#### WHAT THE EXERCISE ASKS
Find every line in the records below that holds the word "изображение" and copy it.

** DATA SUPPLIED follows **

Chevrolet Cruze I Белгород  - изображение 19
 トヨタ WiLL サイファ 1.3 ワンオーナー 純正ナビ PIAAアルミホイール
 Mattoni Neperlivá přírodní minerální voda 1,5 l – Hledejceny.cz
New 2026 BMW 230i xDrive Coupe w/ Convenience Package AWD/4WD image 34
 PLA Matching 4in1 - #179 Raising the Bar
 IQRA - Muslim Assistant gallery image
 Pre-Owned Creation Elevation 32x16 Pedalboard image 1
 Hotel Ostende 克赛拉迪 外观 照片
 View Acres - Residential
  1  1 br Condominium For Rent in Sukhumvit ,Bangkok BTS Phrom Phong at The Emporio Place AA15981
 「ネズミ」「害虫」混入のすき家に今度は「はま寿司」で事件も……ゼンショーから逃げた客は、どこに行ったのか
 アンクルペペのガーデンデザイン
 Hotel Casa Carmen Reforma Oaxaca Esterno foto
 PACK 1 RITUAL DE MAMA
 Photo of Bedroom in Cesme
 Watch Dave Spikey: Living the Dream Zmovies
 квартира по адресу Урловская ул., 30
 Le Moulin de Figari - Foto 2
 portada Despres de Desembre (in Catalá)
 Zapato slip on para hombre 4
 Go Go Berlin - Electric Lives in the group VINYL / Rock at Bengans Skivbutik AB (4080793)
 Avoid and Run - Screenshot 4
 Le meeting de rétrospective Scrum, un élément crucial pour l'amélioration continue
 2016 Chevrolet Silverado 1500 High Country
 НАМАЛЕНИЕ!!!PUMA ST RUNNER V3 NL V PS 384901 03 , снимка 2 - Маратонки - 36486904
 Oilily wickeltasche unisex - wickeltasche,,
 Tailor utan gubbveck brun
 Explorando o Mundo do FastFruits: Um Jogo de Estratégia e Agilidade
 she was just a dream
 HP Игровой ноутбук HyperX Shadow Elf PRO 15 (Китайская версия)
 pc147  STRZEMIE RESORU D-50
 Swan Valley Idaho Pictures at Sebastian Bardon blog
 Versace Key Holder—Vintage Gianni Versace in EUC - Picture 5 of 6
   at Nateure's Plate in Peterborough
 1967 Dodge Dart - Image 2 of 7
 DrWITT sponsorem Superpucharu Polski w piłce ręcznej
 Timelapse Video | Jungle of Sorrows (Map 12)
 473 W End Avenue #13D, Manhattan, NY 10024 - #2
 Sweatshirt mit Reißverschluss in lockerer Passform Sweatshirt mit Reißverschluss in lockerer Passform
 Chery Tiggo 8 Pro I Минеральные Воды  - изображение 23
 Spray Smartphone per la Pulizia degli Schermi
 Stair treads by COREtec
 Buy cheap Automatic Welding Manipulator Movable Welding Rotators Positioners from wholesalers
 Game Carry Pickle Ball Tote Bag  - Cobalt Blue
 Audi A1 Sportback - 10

** End of DATA SUPPLIED **

#### EXERCISE RESPONSE
Chevrolet Cruze I Белгород  - изображение 19
 Chery Tiggo 8 Pro I Минеральные Воды  - изображение 23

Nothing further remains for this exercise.